DINO
DINO copied to clipboard
Focal cost in matcher.py
The class cost in matcher.py is computed as follows:
# Compute the classification cost.
neg_cost_class = (1 - alpha) * (out_prob ** gamma) * (-(1 - out_prob + 1e-8).log()) # line 79
pos_cost_class = alpha * ((1 - out_prob) ** gamma) * (-(out_prob + 1e-8).log()) # line 80
cost_class = pos_cost_class[:, tgt_ids] - neg_cost_class[:, tgt_ids] # line 81
Definition of focal loss is as follows:
My question is why are both neg_cost_class and pos_cost_class computed and summed? The cost should always be computed on a target class and corresponding predicted probability for the same class. That means Y is always 1. The way I understand it, your code basically always adds both branches. Did I misinterpret something?
Thank you for the great work! It helped me a lot.
We follow previous works to use focal cost which contains both positive and negative parts.
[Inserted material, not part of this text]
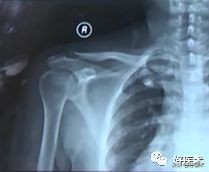 治疗肩锁关节脱位，有最好的方法吗？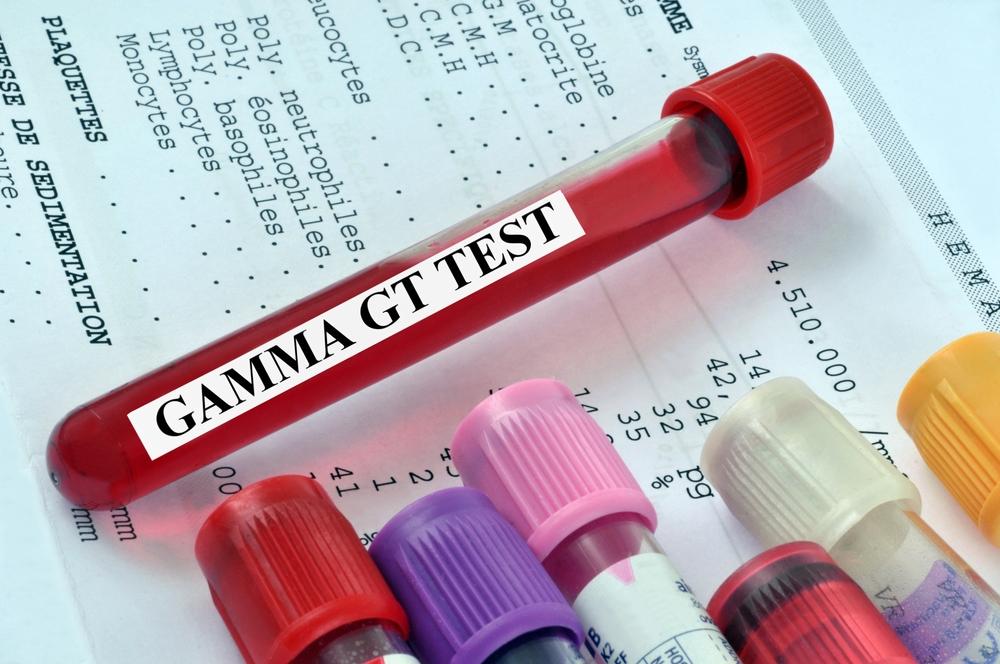 tes-gamma-gt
We have a negative part because we do not only expect a prediction to have a high predicted probability for the positive class but also expect it to have low probabilities for negative classes. Note that we use sigmoid to output probabilities where each probability is independent of others. Therefore, we need to explicitly lower the negative ones.
I understand that is the reason we generally use the negative branch in the focal loss. What I don't understand is how you do that in your implementation, since in line 81 you, rightfully, filter out the negative samples, but you still add the negative branch. For comparison, this is the original DETR implementations (w/o focal loss):
# Compute the classification cost. Contrary to the loss, we don't use the NLL,
# but approximate it in 1 - proba[target class].
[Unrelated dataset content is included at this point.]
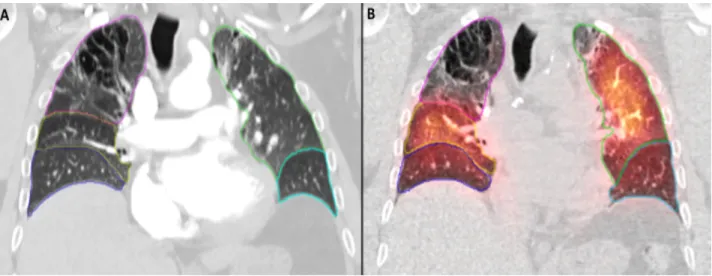 Figure 1- Manual segmentation of lung lobes on DECT and SPECT/CT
# The 1 is a constant that doesn't change the matching, it can be ommitted.
cost_class = -out_prob[:, tgt_ids]
They use only the positive branch of the NLL (actually the aproximation of the NLL) and that makes sense to me.
Any thoughts?
@berceanbogdan We do not filter our negative examples. cost_class is a matrix contains both positive and negative costs.
I understand that is the reason we generally use the negative branch in the focal loss. What I don't understand is how you do that in your implementation, since in line 81 you, rightfully, filter out the negative samples, but you still add the negative branch. For comparison, this is the original DETR implementations (w/o focal loss):
# Compute the classification cost. Contrary to the loss, we don't use the NLL, # but approximate it in 1 - proba[target class]. # The 1 is a constant that doesn't change the matching, it can be ommitted. cost_class = -out_prob[:, tgt_ids]
They use only the positive branch of the NLL (actually the aproximation of the NLL) and that makes sense to me.
Any thoughts?
If only positive cost term is used, when target positive probability is close to 1, its gradient will be close to zero and does about zero effect in class matching. If negated positive probability is used, its gradient will always be 1.
The good thing of focal cost is that it is very sensitive when p is close to 0 or 1, meaning class will be matched better in later stages.